Côté prise en charge, l’instauration de consultations ciblées devrait permettre de « repérer de potentiels facteurs d’altération de la fertilité », avec une « première consultation médicale prolongée à destination des adolescents ». Dans la même optique, la mise en place d’une consultation préconceptionnelle, « axée sur l’évaluation des facteurs de risques liés à leur environnement et à leur mode de vie », doit être promue et développée.

Formation médicale 

À cet effet, la formation des médecins et des professionnels de santé doit être renforcée.

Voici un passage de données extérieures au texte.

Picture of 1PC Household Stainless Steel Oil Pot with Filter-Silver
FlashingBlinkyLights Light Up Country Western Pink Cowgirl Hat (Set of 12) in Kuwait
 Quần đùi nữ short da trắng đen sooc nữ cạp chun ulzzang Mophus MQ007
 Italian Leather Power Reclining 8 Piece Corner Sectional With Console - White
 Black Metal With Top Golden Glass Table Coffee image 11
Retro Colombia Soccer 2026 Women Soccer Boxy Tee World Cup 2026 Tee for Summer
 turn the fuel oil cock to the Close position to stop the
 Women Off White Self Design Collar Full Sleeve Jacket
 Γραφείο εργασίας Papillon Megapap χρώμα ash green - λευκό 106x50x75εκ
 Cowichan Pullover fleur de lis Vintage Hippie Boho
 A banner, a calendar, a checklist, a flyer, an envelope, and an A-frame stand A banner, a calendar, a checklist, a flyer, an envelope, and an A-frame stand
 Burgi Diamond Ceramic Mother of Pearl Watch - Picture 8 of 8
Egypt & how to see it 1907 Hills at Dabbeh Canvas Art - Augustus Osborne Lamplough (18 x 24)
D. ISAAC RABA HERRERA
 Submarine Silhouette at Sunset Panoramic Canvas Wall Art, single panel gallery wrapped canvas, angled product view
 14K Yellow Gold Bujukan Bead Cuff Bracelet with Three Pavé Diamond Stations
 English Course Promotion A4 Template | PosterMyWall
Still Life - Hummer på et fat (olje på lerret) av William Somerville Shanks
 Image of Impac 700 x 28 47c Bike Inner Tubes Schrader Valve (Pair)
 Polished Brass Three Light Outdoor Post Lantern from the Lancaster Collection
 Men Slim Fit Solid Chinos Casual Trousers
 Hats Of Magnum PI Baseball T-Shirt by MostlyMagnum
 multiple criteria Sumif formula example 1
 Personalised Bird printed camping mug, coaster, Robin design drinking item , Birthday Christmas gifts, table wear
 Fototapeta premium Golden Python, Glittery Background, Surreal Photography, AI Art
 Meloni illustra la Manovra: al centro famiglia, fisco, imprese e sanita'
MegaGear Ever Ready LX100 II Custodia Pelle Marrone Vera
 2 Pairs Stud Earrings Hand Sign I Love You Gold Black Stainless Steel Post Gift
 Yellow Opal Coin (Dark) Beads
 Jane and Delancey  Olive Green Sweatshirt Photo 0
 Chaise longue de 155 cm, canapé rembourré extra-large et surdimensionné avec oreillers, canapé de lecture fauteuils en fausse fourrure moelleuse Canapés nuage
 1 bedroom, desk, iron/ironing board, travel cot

Le rapport préconise notamment d’inclure au contenu du 2e cycle un volet « prévention de l’infertilité » dans les unités d’enseignement (UE) abordant la reproduction et de créer une UE optionnelle « Santé reproductive, causes et prévention de l’infertilité ». En 3e cycle, un enseignement sur la prévention de l’infertilité pourrait être intégré dans l’ensemble des diplômes d’études spécialisées. Un enseignement spécifique dans le DES de médecine générale pourrait également être créé.

Un effort doit par ailleurs être entrepris en matière de recherche dans le domaine de la reproduction humaine et de l’infertilité, avec notamment la mise en place d’un programme et équipements prioritaires de recherche (PEPR). « Seule cette approche lucide et holistique du défi que représente la fertilité des couples, depuis ses causes jusqu’au parcours d’aide médicale à la procréation lorsque celui s’avère nécessaire, peut permettre de proposer des réponses à la hauteur de l’enjeu », estiment les auteurs.